------ Given data
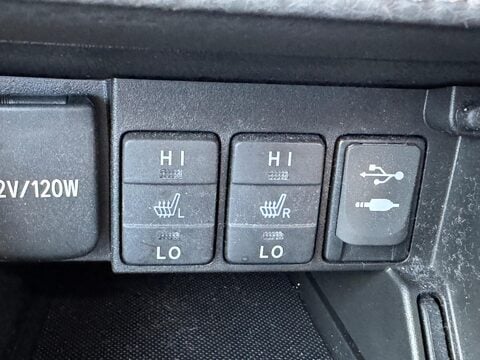 Toyota Auris 1.2 VVT-i Business Edition Euro 6 (s/s) 5dr 21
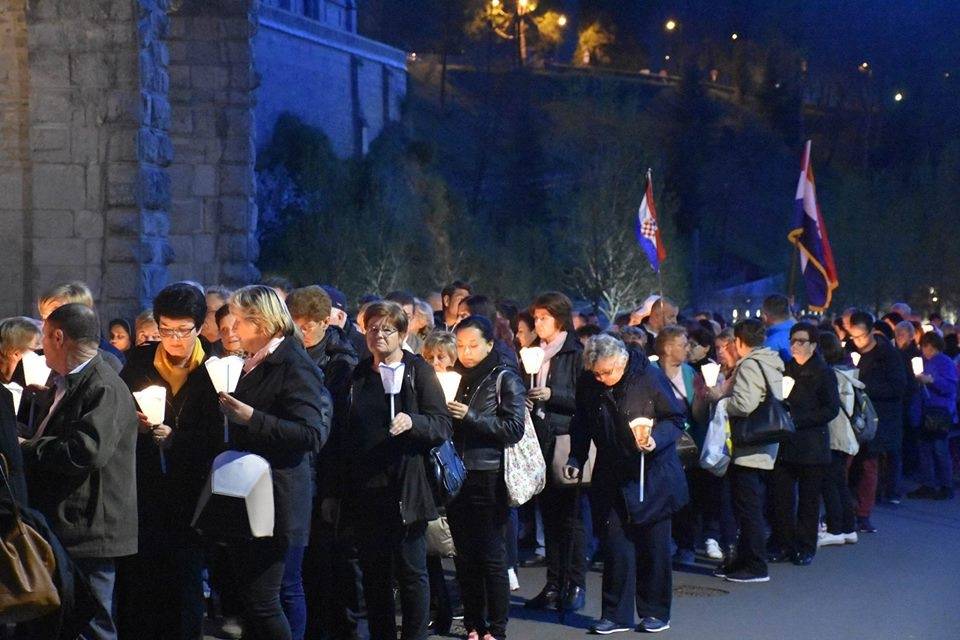 Požeški hodočasnici u Lourdesu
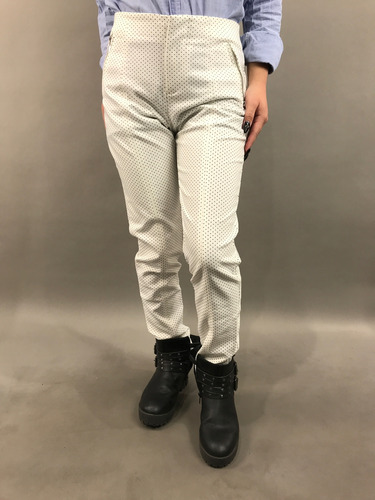 Pantalón Marca Basement De Color Neutral Talla 38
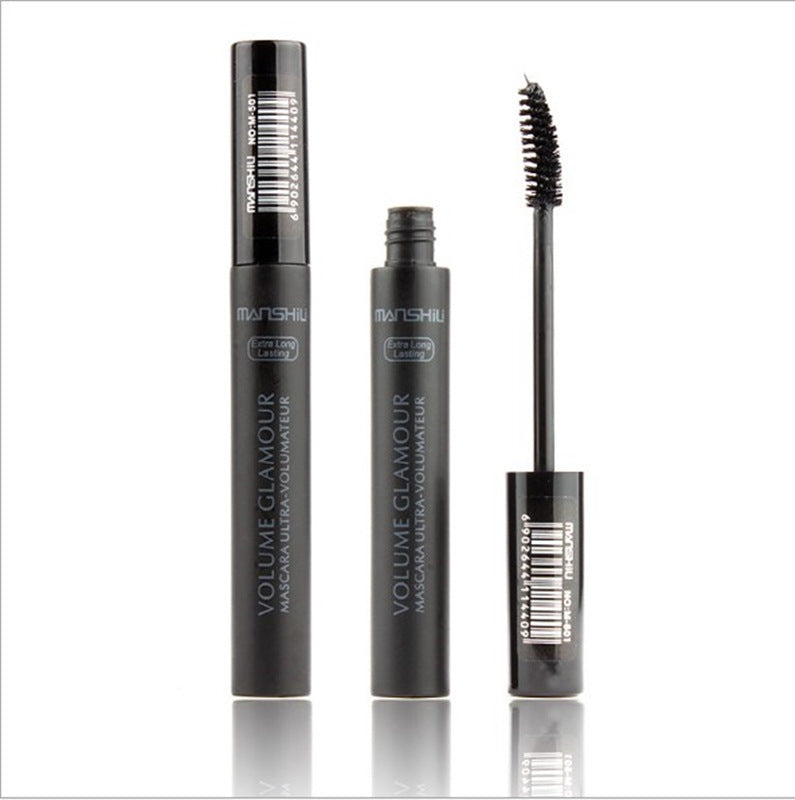 Waterproof, Long-lasting And Not Easy To Smudge Mascara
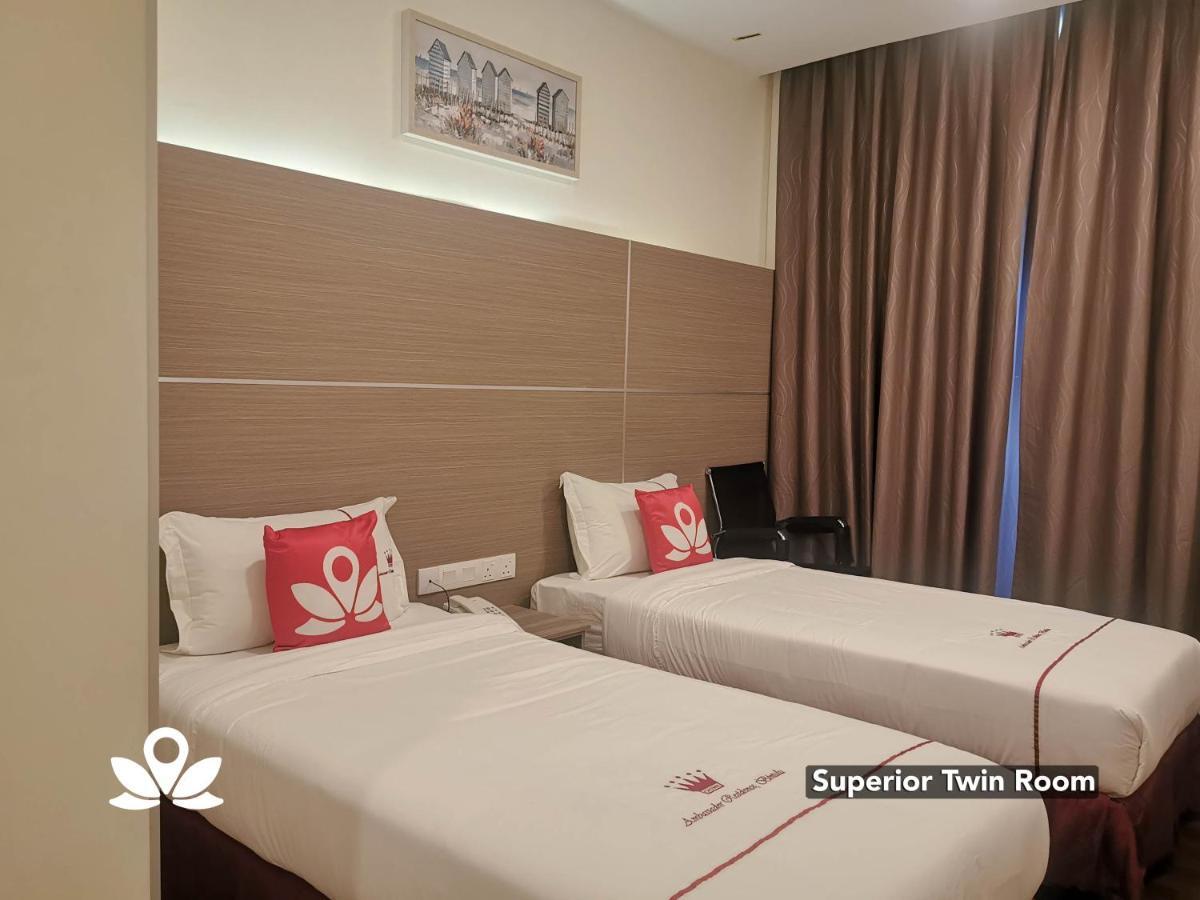 Zen Rooms Ambassador Residence Bintulu Esterno foto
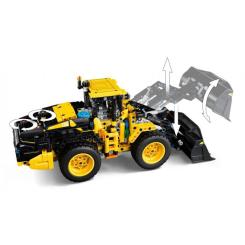 Конструктор LEGO Technic Колесный погрузчик Volvo L120 Electric Фото 4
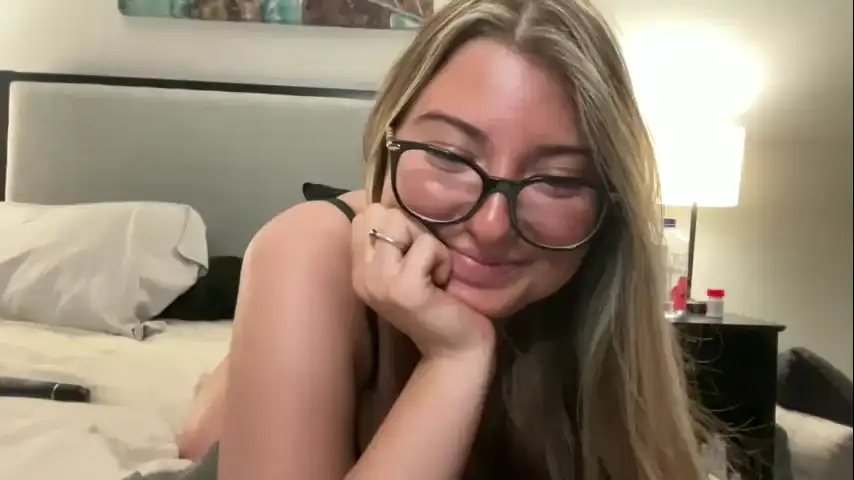 Fantasyella – Chaturbate Recorded Sex Show – 2025-05-27 13:52:07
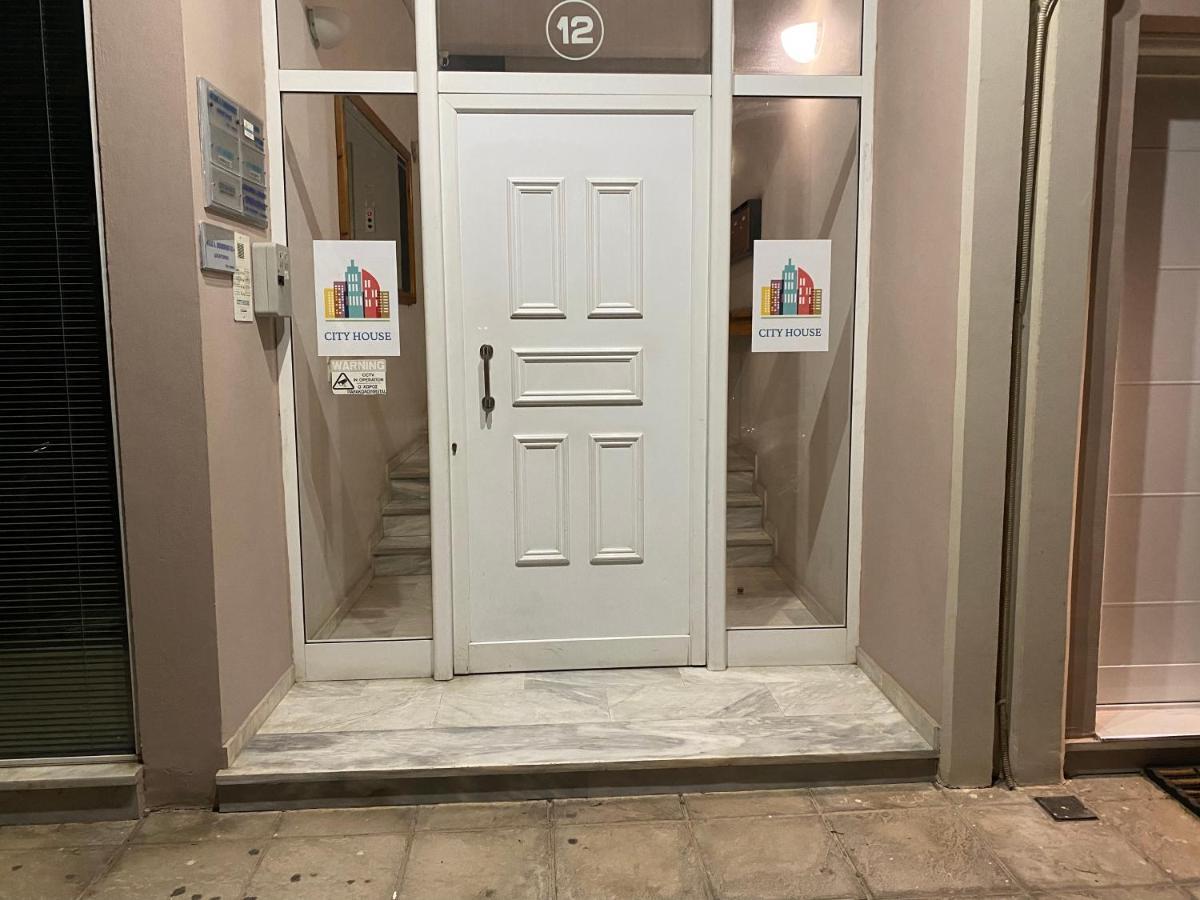City House 3 كالاماتا المظهر الخارجي الصورة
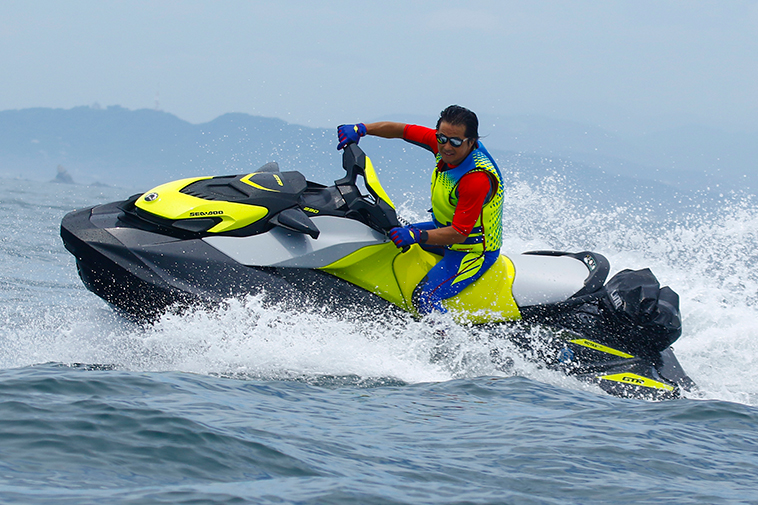 海で乗ったら、実際どうなの？ 2020 BRP SEA-DOO GTR 230│HOT WATER Webマガジン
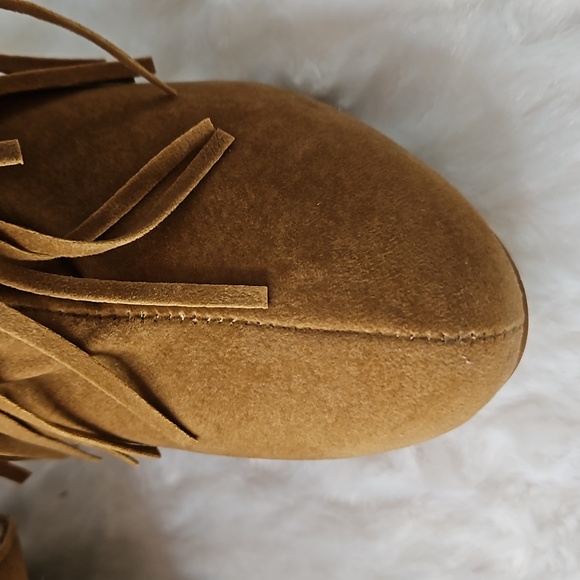 Women brown 4" ankle high heels booties boots with fringe. - Picture 6 of 6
------------
[Required action]: If a line falls between the one containing "海で乗ったら、実際どうなの？ 2020 BRP" and the last line of the entries above, both included, reproduce it exactly; leave the pictures out.

[Output of the exercise]:
 海で乗ったら、実際どうなの？ 2020 BRP SEA-DOO GTR 230│HOT WATER Webマガジン
 Women brown 4" ankle high heels booties boots with fringe. - Picture 6 of 6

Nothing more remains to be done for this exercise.